We don’t know what VRAM makers are going to do, but increasing the clock speed is not the option we think they will end up adopting.

However, the interfaces between the GPU and the VRAM are located on the outside of the perimeter of the GPU itself. So increasing the number of bits of it is to expand the periphery of said GPU, and therefore make it larger.

What is a serious of added problems due to the high size in terms of cost, this will force graphics card manufacturers to use several chips instead of one, and it is at this point where we enter the so-called chiplets.

Chiplet-based GPU types

There are two ways to divide a GPU into Chiplets:

Dividing a single, massive-sized GPU into multiple chiplets, the trade-off of this is that communication between the different parties requires massive bandwidth that may not be feasible without the use of special intercoms.
Use several GPUS in the same space that work together as one.

In the HardZone article entitled “This is how the GPUs based on Chiplets that we will see in the future will be” you can read about the configuration of the first type, whereas the AMD patent regarding its GPU with chiplets refers to those of the second type .

Exploring the patent for AMD chiplets:

The first point that appears in every patent is the usefulness of the invention, which always comes in its background, which in which we are concerned is the following:

Conventional monolithic designs that are becoming increasingly expensive to manufacture. Chiplets have been used successfully in CPU architectures to reduce manufacturing cost and improve yields. Since its heterogeneous computational nature adapts more naturally to separate CPU cores in different units that do not require much intercommunication between them.

The mention of CPUs is clear that it refers to AMD Ryzen and is that a good part of the design team of Zen architectures was displaced to the Radeon Technology Group to work on improving the RDNA architecture. The concept of chiplets is not the first one inherited from the Zen, the other is the Infinity Cache, which inherits the concept of “Victim Cache” from the Zen.

Second, the intercom problem you refer to refers to the enormous bandwidth that GPUs need to communicate their elements with each other. Which is the impediment in the face of the construction of these in chiplets, due to the energy consumed in the transfer of data.

The work of a GPU is parallel by nature. However, the geometry that is processed by a GPU not only includes sections of work in parallel, but also works that require to be synchronized in a specific order between the different sections.

The consequence of it? A programming model for a GPU that distributes work across different threads is often inefficient, as parallelism is difficult to distribute across multiple different workgroups and chiplets, as it is difficult and expensive to synchronize memory content of resources shared across the system.

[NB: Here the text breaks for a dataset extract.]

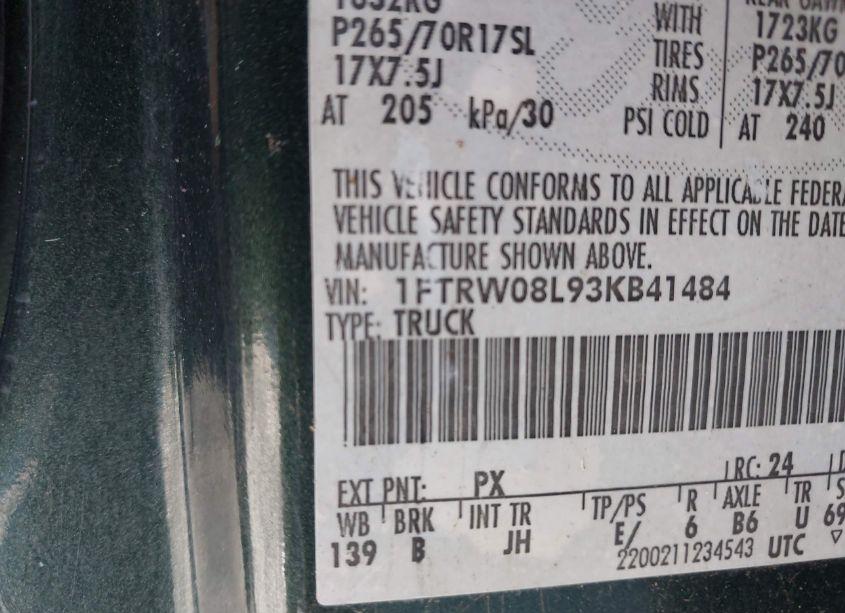 Photo 9 of 2003 Ford F-150 LARIAT/XLT (VIN 1FTRW08L93KB41484)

The part that we have put in bold is the explanation from the perspective of software development for which we have not seen GPUs based on chiplets. It is not only a hardware problem but a software problem, so it is necessary to simplify.

Also, from a logical point of view, applications are written with the view that the system has only one GPU. That is, although a conventional GPU includes many GPU cores, applications are programmed to target a single device. Therefore, it has historically been a challenge to bring the chiplet design methodology to GPU architectures.

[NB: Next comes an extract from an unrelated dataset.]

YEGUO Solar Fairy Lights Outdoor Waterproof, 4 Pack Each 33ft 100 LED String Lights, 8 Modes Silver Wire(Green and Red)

This part is key to understanding the patent, AMD is not talking about dividing a single GPU into chiplets which is what it does in its CPUs, but rather talking about using several GPUs in which each one is a chiplet, it is important to keep in mind this difference, since AMD’s solution seems more focused on creating a Crossfire in which it is not necessary for programmers to adapt their programs for various GPUs.

Once the problem is defined, the next point is to talk about the solution offered by the patent.

Exploring the AMD Chiplet Patent: The Solution

The solution to the exposed problem proposed by AMD is the following:

To improve system performance using GPU chiplets while maintaining the current programming model, the patent illustrates systems and methods that use high-bandwidth passive crosslinks to connect GPU chiplets to each other.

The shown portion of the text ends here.